Given material
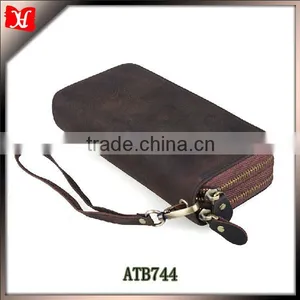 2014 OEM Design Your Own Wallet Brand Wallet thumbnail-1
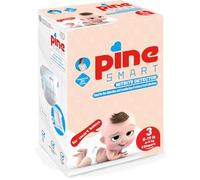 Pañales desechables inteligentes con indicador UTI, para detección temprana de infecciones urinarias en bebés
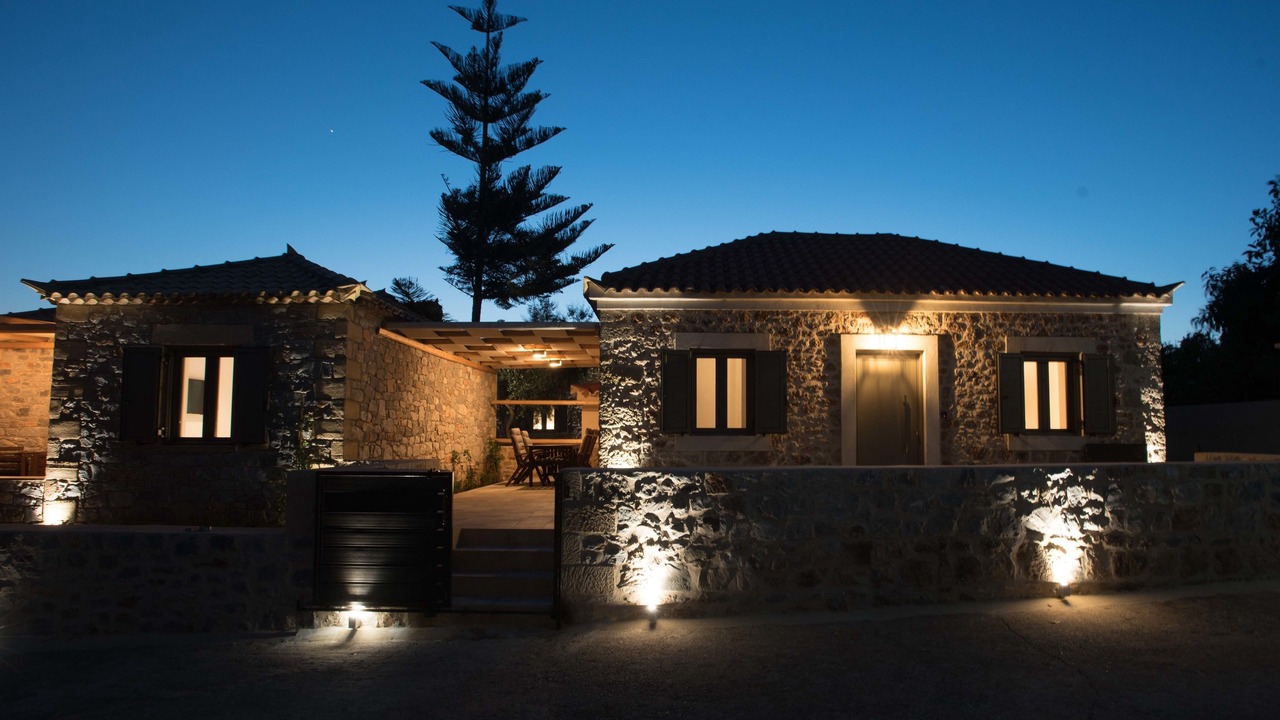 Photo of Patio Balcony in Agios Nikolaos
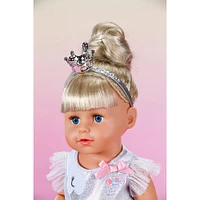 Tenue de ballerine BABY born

Try it
Return the complete data unchanged and include none of the pictures.

Output of the task
 2014 OEM Design Your Own Wallet Brand Wallet thumbnail-1
 Pañales desechables inteligentes con indicador UTI, para detección temprana de infecciones urinarias en bebés
 Photo of Patio Balcony in Agios Nikolaos
 Tenue de ballerine BABY born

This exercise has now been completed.